On September 11, 1973, the day of the coup, the military officers issued an Act of Constitution. The act established a junta government that immediately suspended the constitution, suspended Congress, imposed strict censorship and curfew, proscribed the leftist parties that had constituted Salvador Allende's Popular Unity coalition, and halted all political activity, effectively establishing a dictatorship. The judicial branch continued to operate under the Junta, and nominally had jurisdiction over its repressive activities, but rarely interfered. 

The new junta was made up of General Gustavo Leigh representing the Air Force, General Augusto Pinochet representing the Army, Admiral José Toribio Merino representing the Navy, and General César Mendoza representing the Carabineros (police). 
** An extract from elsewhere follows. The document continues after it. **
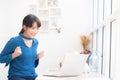 Beautiful portrait asian young freelance woman working online laptop with smile and happy sitting at cafe shop Royalty Free Stock Photo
The Nixon administration, which had worked to create the conditions for the coup, promptly recognized the junta government and supported it in consolidating power.

History and leadership
Once the Junta was in power, General Pinochet soon consolidated his control. Since he was the commander-in-chief of the oldest branch of the military forces (the Army), he was made the head of the military junta. This position was originally to be rotated among the four branches, but was later made permanent. He began by retaining sole chairmanship of the junta as "Supreme Chief of the Nation" from June 27, 1974 until December 17, 1974, when he was proclaimed President.  Gustavo Leigh, commander of the Air Force, opposed the consolidation of the legislative and executive branches, but agreed to Pinochet's presidency under pressure from Merino and Mendoza, who warned that the junta would split otherwise if he did not sign on. 

General Leigh, head of the Air Force, became increasingly opposed to Pinochet's policies and the permanent state of  military government. Pinochet eventually tired of Leigh's opposition and dismissed him from the regime in 1978, declaring him unfit for office and forcing him into retirement on July 24, 1978, in a very tense moment that almost caused a military insurrection. Airforce General Fernando Matthei replaced Leigh as junta member. Leigh was replaced by General Fernando Matthei.

General Pinochet took over as President following a referendum that approved a new constitution. On March 11, 1981, he resigned his position in the Junta, and was replaced by the most senior General officer from the Army, who was nominated by himself. After that date, the Junta remained only as a legislative body under the presidency of Admiral Merino, until the return to democracy in 1990.

In 1985, three communists were found with murdered, with their throats slit, by the side of a road. The guilty party turned out to be the Carabineros' secret service, and the Caso Degollados ("case of the slit throats") caused General César Mendoza's resignation on August 2, 1985. Mendoza was replaced by General Rodolfo Stange. Stange, who had risen through the ranks of the Carabineros to become General Subdirector of the police force in 1982, was appointed to General Director and served ex officio as a member of the military junta. Stange continued serving as general director after Pinochet's dictatorship ended in 1990. As of 2021, Stange is the military junta's last surviving member; he also served as a senator after the return to democracy.

Political repression and human rights abuses

Immediately after the coup the junta moved to crush their left-wing opposition. Besides pursuing revolutionary guerilla groups, the junta embarked on a campaign against political opponents and perceived leftists in the country, as well as family members of dissidents. According to the Rettig Commission, 2,279 people who disappeared were killed for political reasons or by political violence, and 27,000 incarcerated, most of them for long periods of time, without trials and in special secluded facilities in remote locations. According to the 2004 Valech Report, approximately 32,000 people were tortured, and 1,312 officially exiled. Among the cases of torture were approximately 3,400 cases of sexual abuse of women. 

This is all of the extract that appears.